Choix du lieu, Alexandrie

Mars 2017

Nous rencontrons le Sheikh Gaber, avec Ahmed Helmy et Yasmine, grâce à une mise en lien effectuée par Yasmine. Il nous reçoit avec beaucoup d’attention et nous écoute avec intérêt. Nous lui parlons de Nassim, de nos tentatives de faire exister l’art, la création et la danse dans des lieux et espaces atypiques d’Alexandrie, de notre ambition d’entrer en contact avec une ville dans son ensemble, son contexte, ses habitants, ses énergies.

Puis nous lui parlons de Shapers, et de cette idée de réunir des jeunes d’Egypte, du Maroc, d’Espagne et de France, pour les faire traverser ensemble une aventure de création et de transmission à la danse en espaces publics, dans chacune des villes dont ils sont issu-e-s.

Nous lui montrons la vidéo réalisée à Séville, à la fondation des 3 cultures. Il apprécie. Il nous dit qu’il sent que nous recherchons, lui et nous, les mêmes choses à l’endroit du partage humain et du dialogue entre les cultures. Que le chemin de Abbu el Abbes el Morsi est passé par les mêmes trajectoires que nos jeunes. L’Espagne, le Maroc, avant de n’arriver en Egypte. Je suis émue par cette ouverture et cette volonté de fabriquer du sens commun entre nous.

Il me demande de lui envoyer la vidéo sur WhatsApp. Avant de le faire, je la regarde à nouveau. Sous la canicule du sud de l’Espagne, l’une des filles s’est dévêtue de son tee-shirt, et danse avec un simple soutien-gorge pour la répétition. J’ai suis gênée d’envoyer cette vidéo. Yasmine semble trouver cela normal.

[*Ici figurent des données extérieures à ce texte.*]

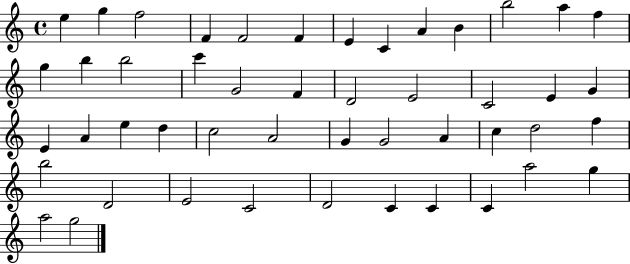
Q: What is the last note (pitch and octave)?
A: G5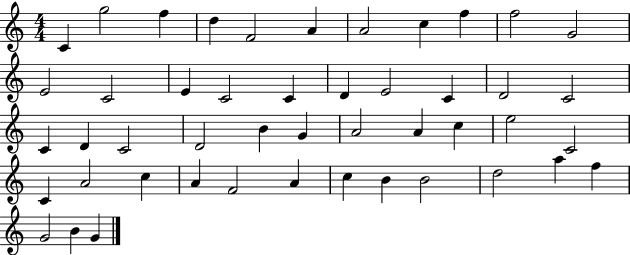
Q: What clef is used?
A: treble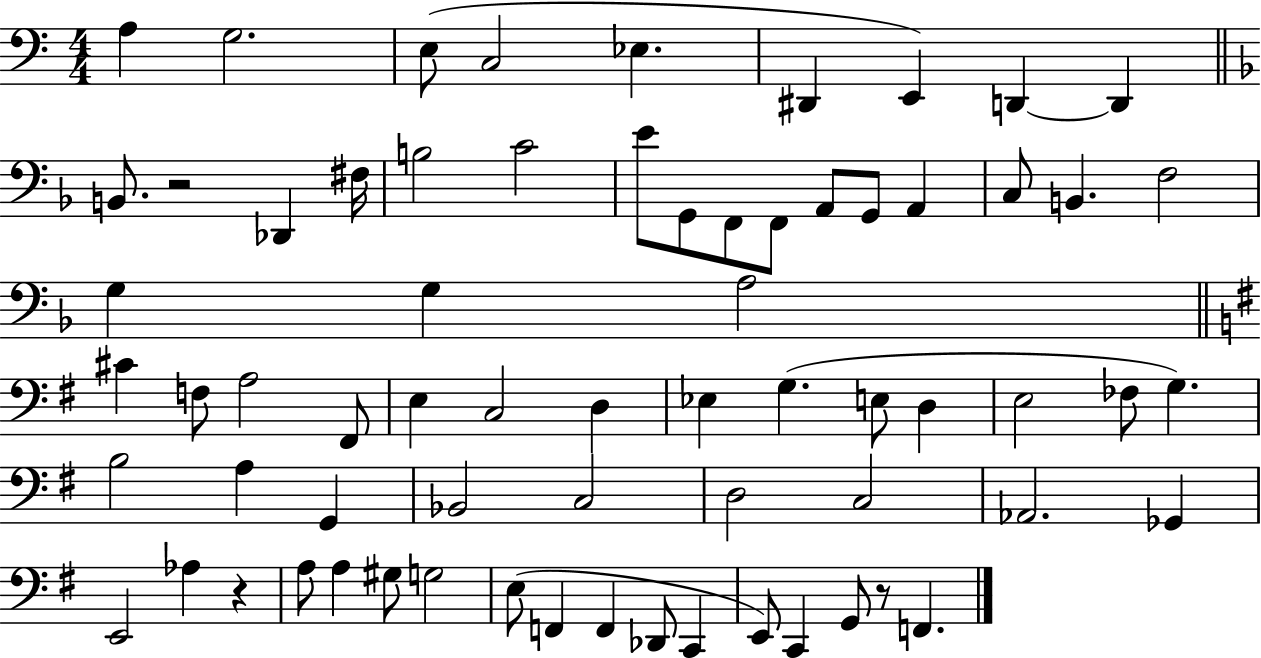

Nous nous sommes accordés sur le fait que le Cheikh nous donnerait une réponse une semaine plus tard, après avoir consulté les membres de sa communauté. Sans l’avoir vraiment voulu, sur le chemin du hasard, nous avons entamé un processus de demande pour faire une création sur l’esplanade de la mosquée Abu el-Abbès el Morsi d’Alexandrie.